Frankly, I was a little surprised when I came across it too. I had no idea that all this was going on in Southern Maryland.


----------



## Ryan (May 27, 2022)

jis said:


> I wonder if there would be any freight traffic left on the Pope's Creek Branch once the power station is decommissioned. Its primary traffic has been coal for the power plant.


Basically no, and Morgantown's shutting down this year. Pope's Creek will be long dead before light rail ever comes to fruition.


----------



## west point (May 27, 2022)

I would think the only problem of higher CAT is the cross level. Might take shorter intervals for surfacing the track than otherwise needed. Maybe only have some test equipment that would spot locations that a surface machine could go from locations to locations.


----------



## George Harris (May 28, 2022)

For a map:
https://ggwash.org/images/made/images/posts/_resized/image1_1_1020_1320_90.jpeg
Would seem logical to extend the WMATA line to Andrews AFB and make the transition from Metro to light rail there. Would seem like a good idea to extend the WMATA line to Andrews with or without the Southern Maryland Light Rail.

As to wire height: Other than when involving the railroad, the wire should be 16 feet above the track, or thereabouts. Where on the railroad, the wire should be 23 feet above the track or thereabouts. 

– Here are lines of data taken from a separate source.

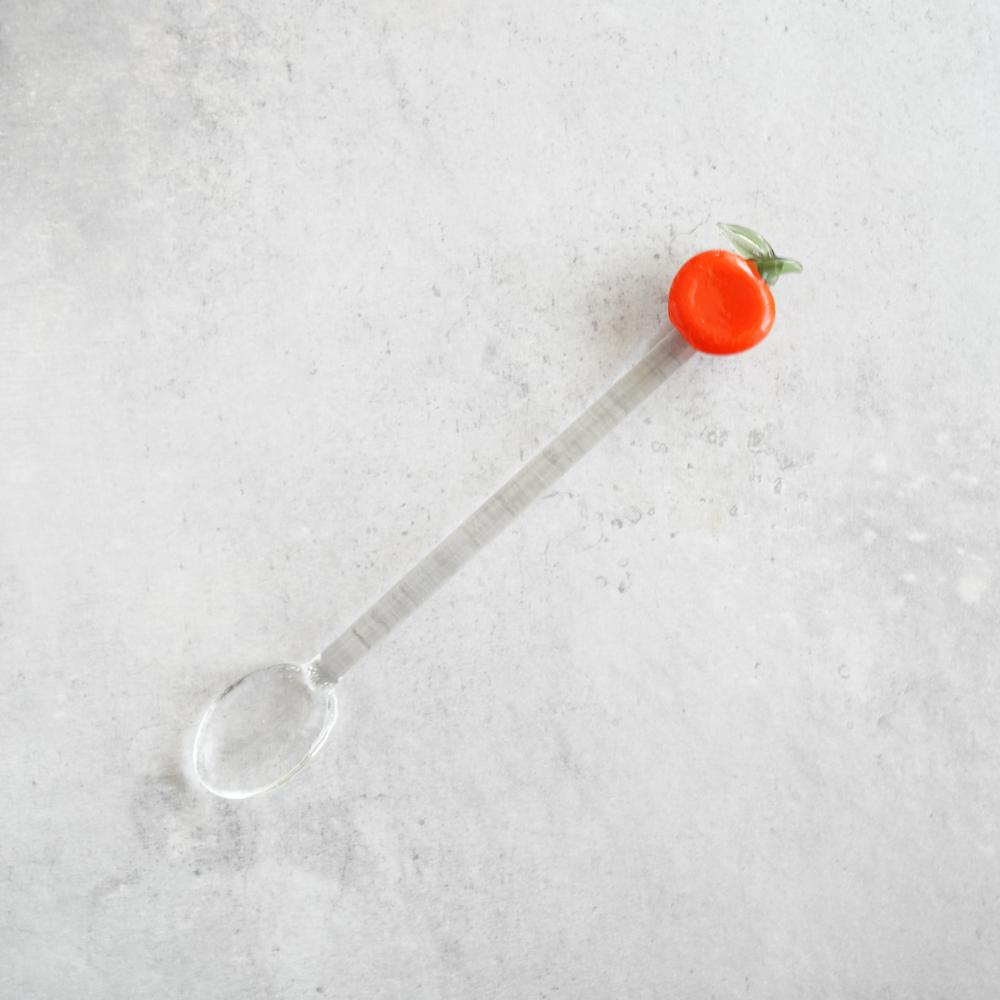 フルーツモチーフガラススプーン（アップル）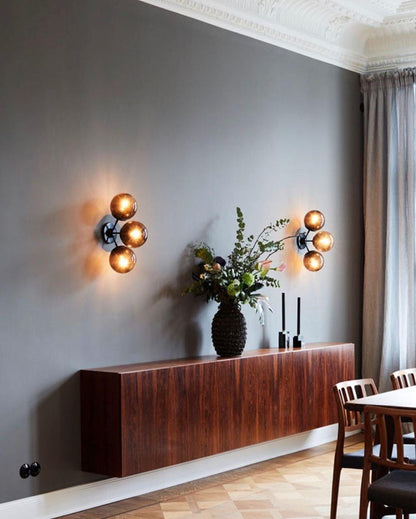 PERLAGE Glass Globe Cluster Chandelier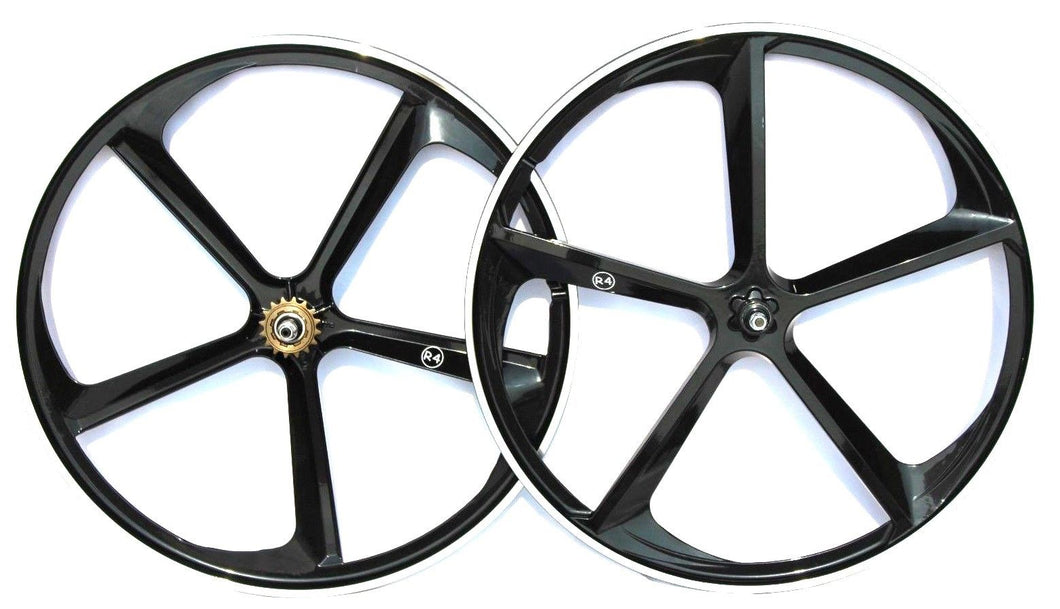 24″ CNC BMX Cruiser 5-Spoke Alloy Rims Bicycle Sealed Wheel Set, Gloss Black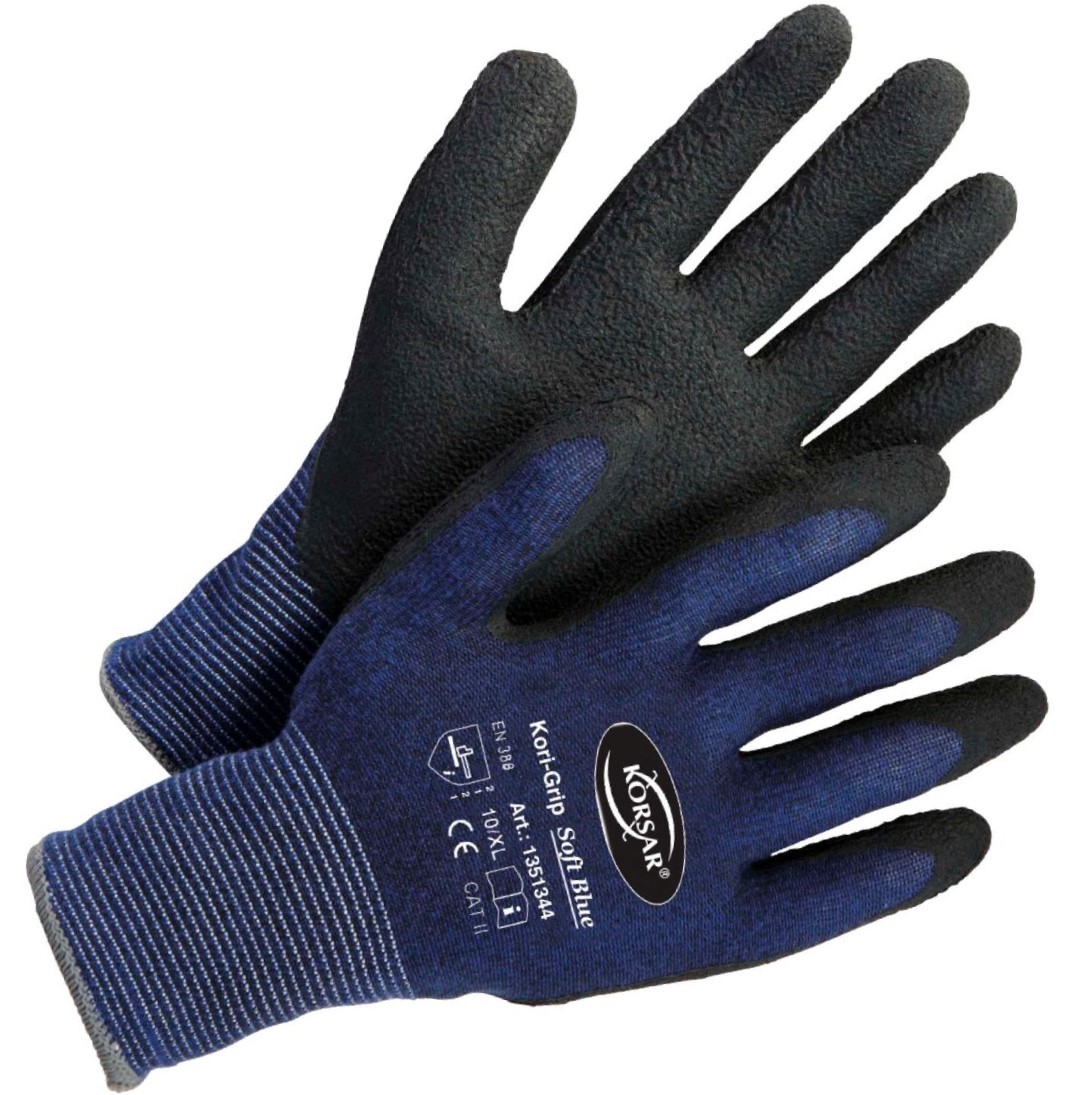 Korsar Kori-Grip Soft Blue latex foam protective gloves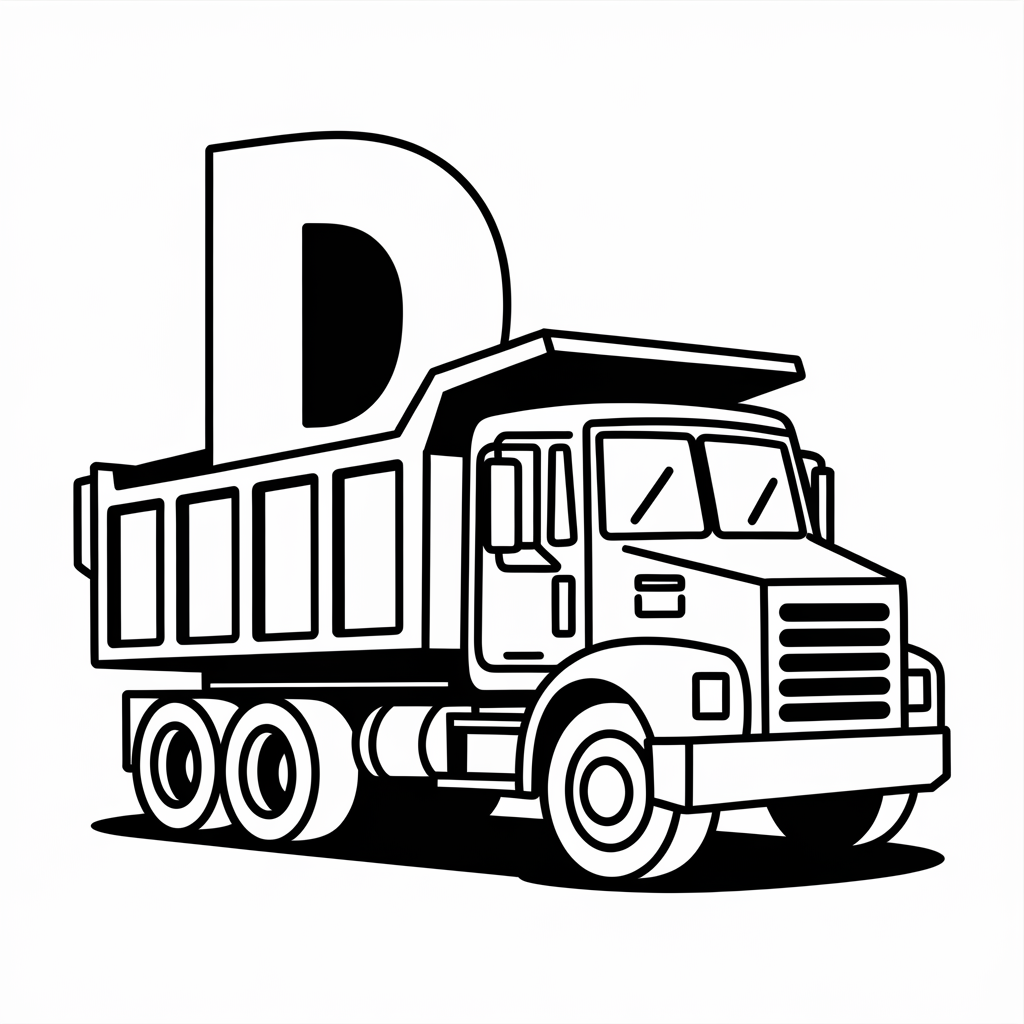 Vehicle Fun with D for Dump Truck Coloring Pages for Kids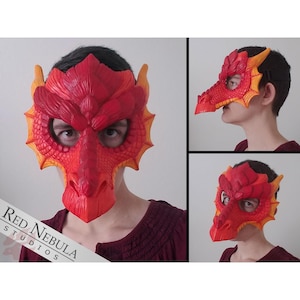 Fiery Dragon Mask - Red, Orange, and Yellow Cast Resin, Handpainted Masquerade Mask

The whole issue of wire height and offsets can be solved in the pantograph and arms supporting it. The arms supporting the pantograph contact bar would need to be longer in order to reach 7 feet higher. Can be done. The contact bar itself should probably be longer as well with the additional length based on the assumed angle of sway of the car plus deviation in cross level in the track. Again, no biggie. Calculate out what is needed and do it. The whole arrangement will be somewhat heavier, hence need stouter springs. again, can be done. 

Consideration needs to be made for required offset from the railroad to platforms. Again, this has been done elsewhere.

Without reading the whole report (I don't hate myself that much), one question is how much street running, if any. This can have an effect on wheel wear and even the preferred wheel profile. As close to none, the better. 

The "temporal" or in less fancy words limitations on operating times of the railroad and transit so as to maintain time separation can easily be handled. Assuming this is a one train or so a day branch the easiest is to have the freight outside the normal transit times with the transit system defining the times. If there is a need to run a train during the transit operating time, then this could probably be done by providing a gap in transit car times for the trains with the train setting there waiting its turn, not with a "hey we are going to have a train through here sometime or other" from the railroad. It is usually better that the transit system own the railroad. This piece of track should be upgraded for comfort of the transit passengers, but with tie spacing and rail, and structures if any, based on freight railroad axle loadings, which would probably mean closer tie spacing and possibly heavier rail that the rest of the transit system. 

Track centers: If there will be two tracks on the railroad portion, track centers should be 20 feet, possibly 22 feet to provide required railroad clearance with poles between the tracks. If it is decided to use outside poles, meaning one on each side of the section, then centers can be 14 to 16 feet.

There are no insurmountable problems or even significant difficulties with this project when it comes to light rail and freight on the same track.


----------